Would you return the data below exactly as it stands, with every picture left out?

Source data:
************

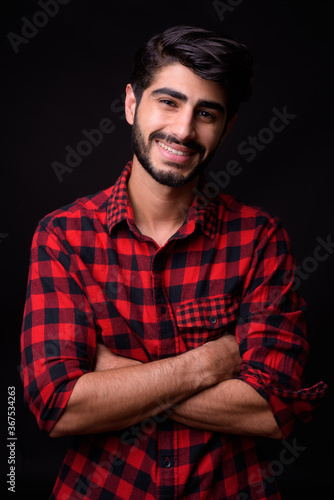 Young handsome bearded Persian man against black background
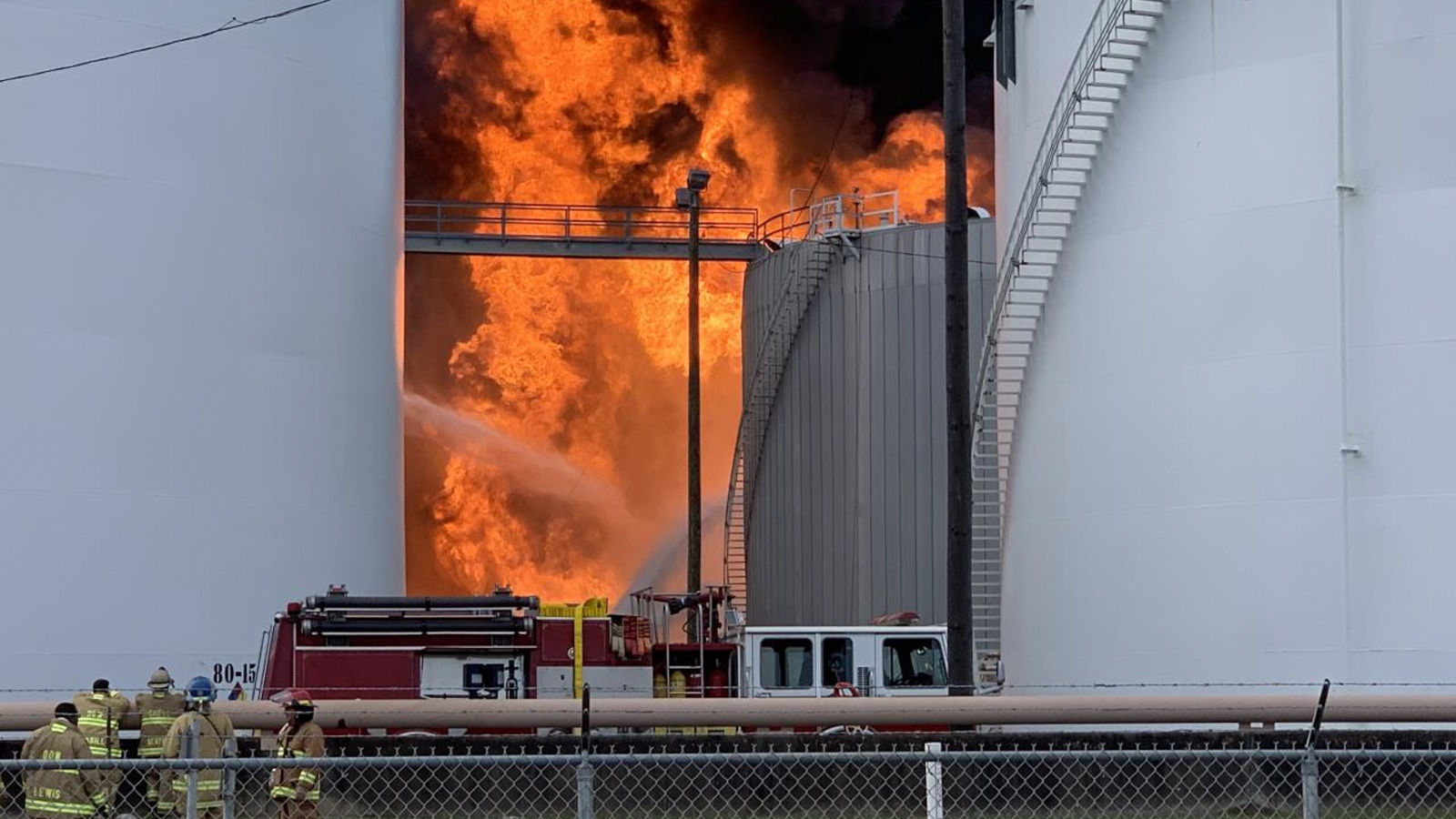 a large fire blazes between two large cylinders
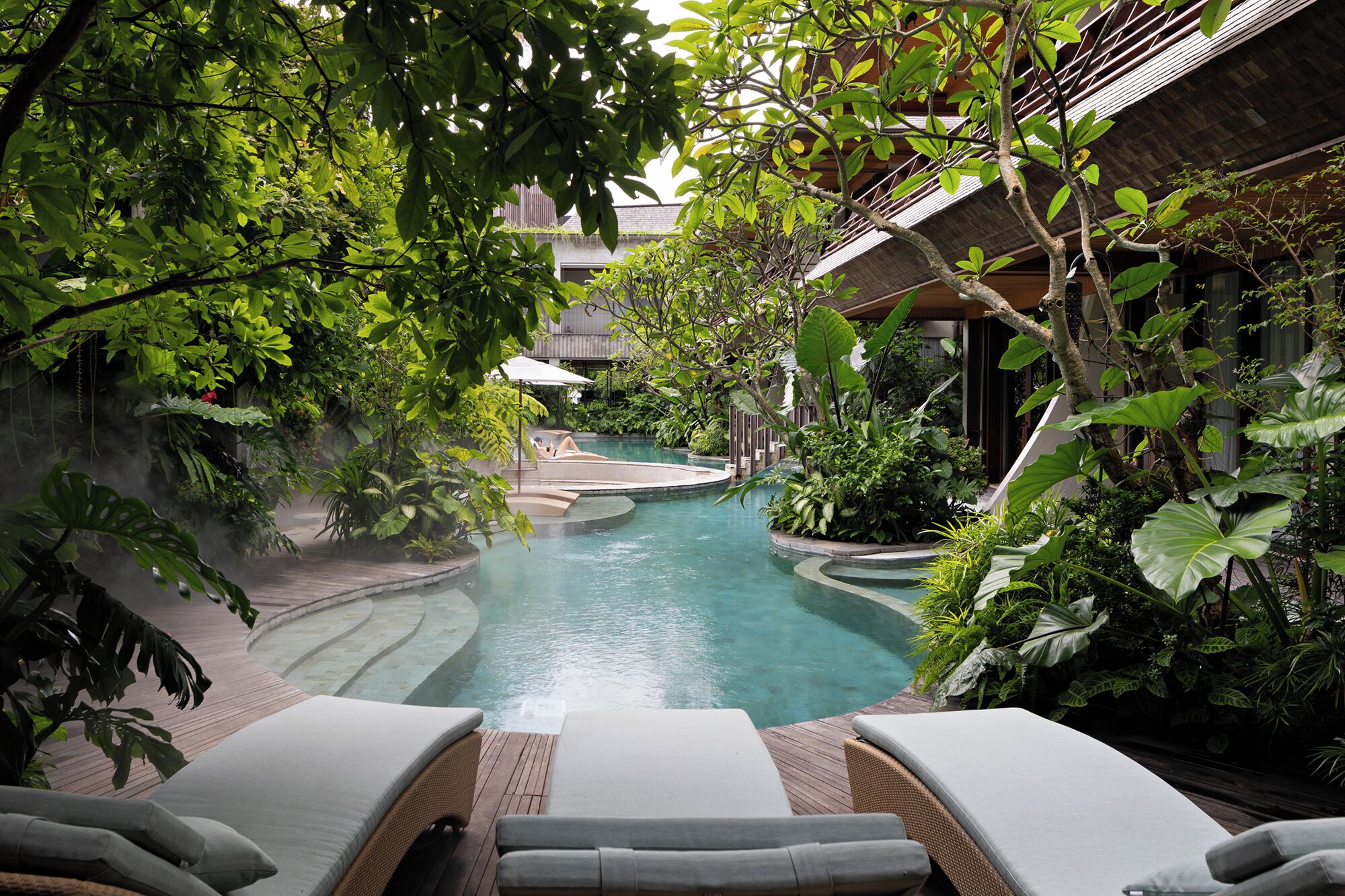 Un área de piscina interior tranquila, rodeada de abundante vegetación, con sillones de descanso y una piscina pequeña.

************

Solution for this exercise:
 Young handsome bearded Persian man against black background
 a large fire blazes between two large cylinders
 Un área de piscina interior tranquila, rodeada de abundante vegetación, con sillones de descanso y una piscina pequeña.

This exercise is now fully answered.